BACKGROUND
Recently a number of studies demonstrated impressive performance on diverse vision-language multi-modal tasks such as image captioning and visual question answering by extending the self-attention based Transformer architecture with multi-modal pre-training objectives. Despite its huge potential, vision-language multi-modal pre-training in the medical domain has only recently received attention, only demonstrated improved diagnosis accuracy of vision-language pre-trained models.
OBJECTIVE
In this work we explore a broad set of multi-modal representation learning tasks in the medical domain, specifically using radiology images and the unstructured report.
METHODS
We propose Medical Vision Language Learner (MedViLL) which adopts a Transformer-based architecture combined with a novel multi-modal attention masking scheme to maximize generalization performance for both vision-language understanding tasks (disease classification, medical image-report retrieval, and medical visual question answering) and vision-language generation task (radiology report generation).
RESULTS
By rigorously evaluating the proposed model on four downstream tasks with three radiographic image-text datasets (MIMIC-CXR, Open-I, and VQA-RAD), we empirically demonstrate the superior downstream task performance and generality of MedViLL against various baselines including task-specific architectures.

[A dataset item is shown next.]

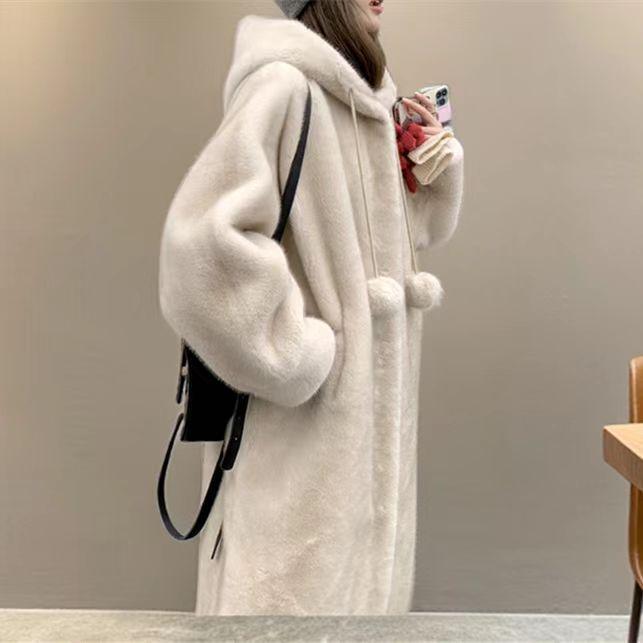 2024 Witch Hooded Long Shearling Mink Fur Halloween Coat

In addition, we qualitatively analyze MedViLL by showing the results of retrieved image-report pair, the attention map visualization, and generated reports.
CONCLUSIONS
Our proposed multi-modal pre-training model MedViLL could flexibly adapt to multiple downstream tasks of vision-language understanding and generation with a novel self-attention scheme. We believe that our approach can provide the basis for a wide range of interpretations of vision-language multi-modal in the medical domain.